When Meridith Southard steps onto the stage at Pasadena High School on Saturday evening, she will carry a viola she first picked up eight years ago — and a piece of music written nearly a century before she was born.
Southard, a graduating senior at La Salle College Preparatory, will perform William Walton’s Concerto for Viola and Orchestra as the featured soloist in the Pasadena Youth Symphony Orchestras’ annual Spring Concert — a free, daylong event at Pasadena High School on May 2 that the Pasadena Symphony Association says will showcase all 11 of its youth ensembles. More than 700 student musicians in grades four through 12 from 29 cities across Los Angeles County and the San Gabriel Valley, according to the association, will take the stage in three sessions spanning morning to evening, performing repertoire that stretches from the Beatles to Shostakovich.

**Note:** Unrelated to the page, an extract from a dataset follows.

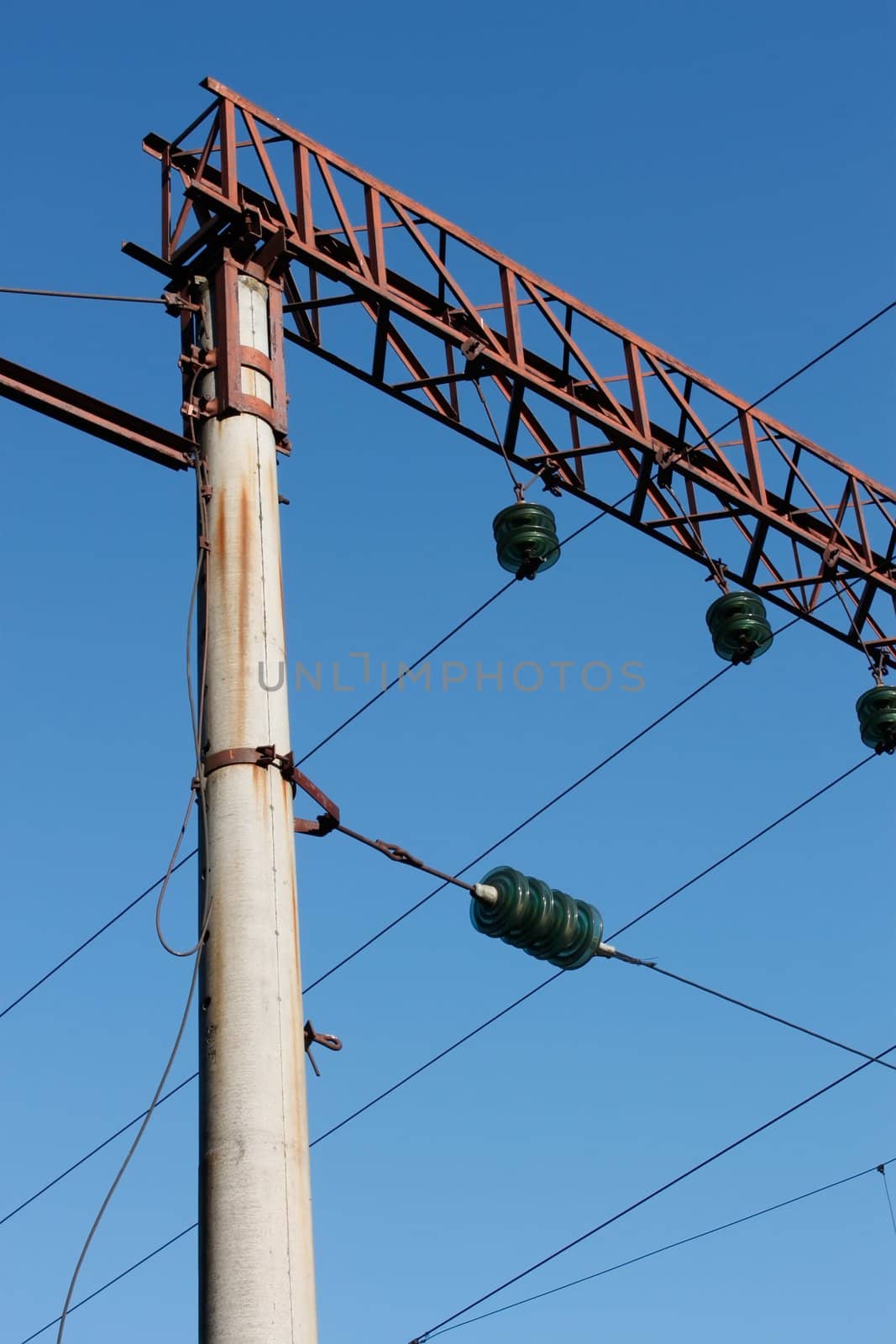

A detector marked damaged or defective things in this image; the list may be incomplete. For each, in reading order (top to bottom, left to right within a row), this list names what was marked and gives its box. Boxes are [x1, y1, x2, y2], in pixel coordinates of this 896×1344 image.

The concert opens at 10 a.m. with the program’s beginner ensembles — Prelude Strings, led by conductor Kyle Smith; String Orchestra; and the All City Orchestra, conducted by Heather Lockie, a tuition-free group drawn entirely from the Pasadena Unified School District. Their program ranges from American and Chinese folk music to Mozart, Vivaldi, and the Beatles’ “Eleanor Rigby.”
At 2:30 p.m., the Overture Strings and Wind Ensemble, conducted by Gay Yearick, take the stage with selections from “La La Land,” “Wicked,” and Rimsky-Korsakov’s Capriccio Espagnol. For select pieces, the Wind Ensemble and String Orchestra will combine to perform as a full symphony, according to the association’s press release.
The evening program, beginning at 7:30 p.m., features PYSO’s most advanced ensembles — the Symphony, Sinfonia, and Philharmonic — performing works by Dvořák, Mahler, and Shostakovich, along with themes from “How to Train Your Dragon.” It is the Philharmonic’s program that will open with Southard’s performance of the Walton concerto, a work first performed in London in 1929 that helped establish the composer as a leading voice in British music.
Southard, who won PYSO’s Concerto Competition to earn the solo slot, began studying violin in 2015 with Suzuki teacher Liz Arbus and switched to viola three years later. She joined PYSO’s String Orchestra in 2018 and advanced to the Philharmonic in 2023. Over the past four summers, she has participated in the Pasadena Conservatory of Music’s summer chamber intensive, where she played in masterclasses with Jonah Sirota and Michael Coughman, and has received guidance from violists Gina Coletti and Karen Dreyfus, according to a press release.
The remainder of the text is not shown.